Gil-galad joined him in a chuckle, leaning his crowned head against Elrond's arm in mock despair. His dark hair snagged on the fabric of Elrond's robes, red-black against the russet raw silk sleeve. Soft strands, cool and silken against the back of Elrond's hand. The king squeezed his fingers, a warm, affectionate pressure and then withdrew, reluctantly turning his attention back to his task. His hair slid over Elrond's hand as he pulled it back, brushing against his wrist. Elrond firmly swallowed a hitch in his breath. It was small wonder, he decided ruefully, that one had to put such effort into maintaining appearances once the sensual consciousness was raised. He closed his eyes, swallowed once more and touched Gil-galad's shoulder again, brushing his thumb across the sensitive skin beneath the king's ear. Gil-galad looked around slowly, a shiver in his eyes, and laid down his pen. Elrond stepped back.

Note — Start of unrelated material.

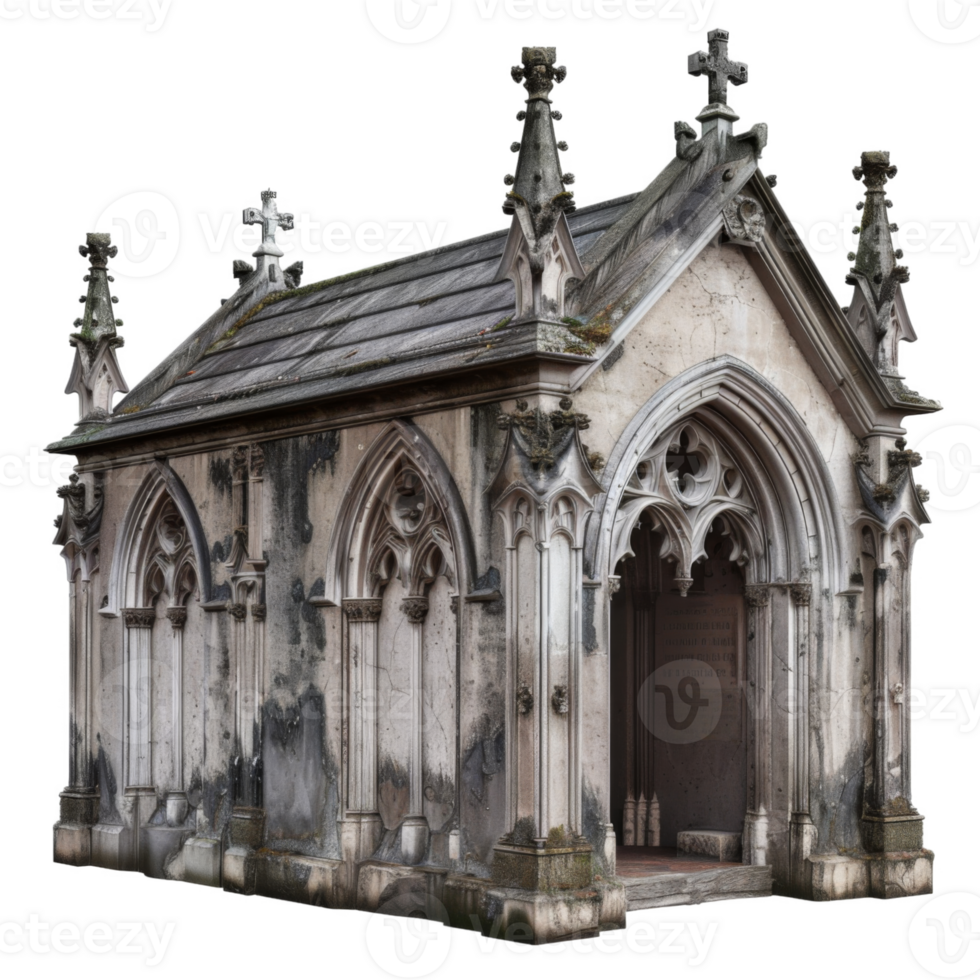 A small gothic building with a cross on top png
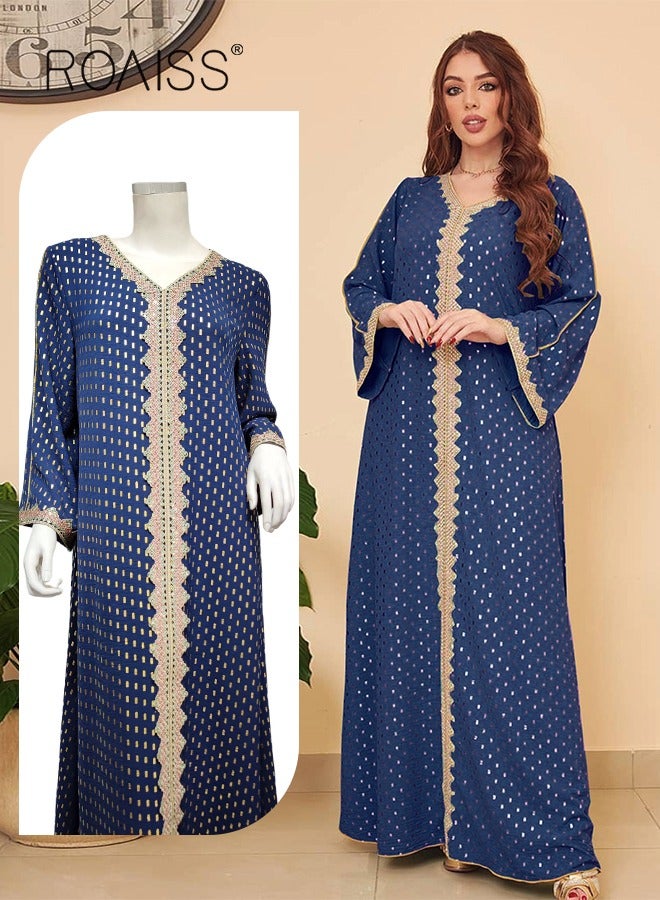 roaiss فساتين نسائية فاخرة برقبة على شكل حرف V منقطة رداء ماكسي أنماط حصرية عباية عصرية أنيقة الشرق الأوسط العربية مأدبة حفل زفاف فستان نسائي ملابس المهرجانات - Image 1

"I have also considered the other matter we discussed, sire," he said, meeting Gil-galad's eyes to leave him in no doubt of his seriousness. "And I think your suggestion quite acceptable. What time would be fit for me to attend you?"

The king leaned back in his chair again, his eyes thoughtful. "Elrond? This is a very prompt decision – are you certain you have given it due consideration?"

"I believe I have given it the thought required. I fear any more would be...untidy."

The king's lips curved up and his eyes flicked ever so slightly toward Erestor, still bent studiously over his scroll. "Very well, Elrond, tonight at the eleventh hour." Turning his head he added, "Erestor, see to it that I will not be disturbed."

Erestor nodded tersely, without looking up.

Ignoring the sharp clench in his stomach, Elrond nodded. "As you wish. Tonight at the eleventh hour then."

The king allowed himself a small smile, which Elrond returned. Then he walked away toward the door. As he pulled it closed behind him, he chanced his own look at Erestor. The advisor did not look up, but he was smiling the smallest of smiles when Elrond stepped out into the startlingly cool corridor.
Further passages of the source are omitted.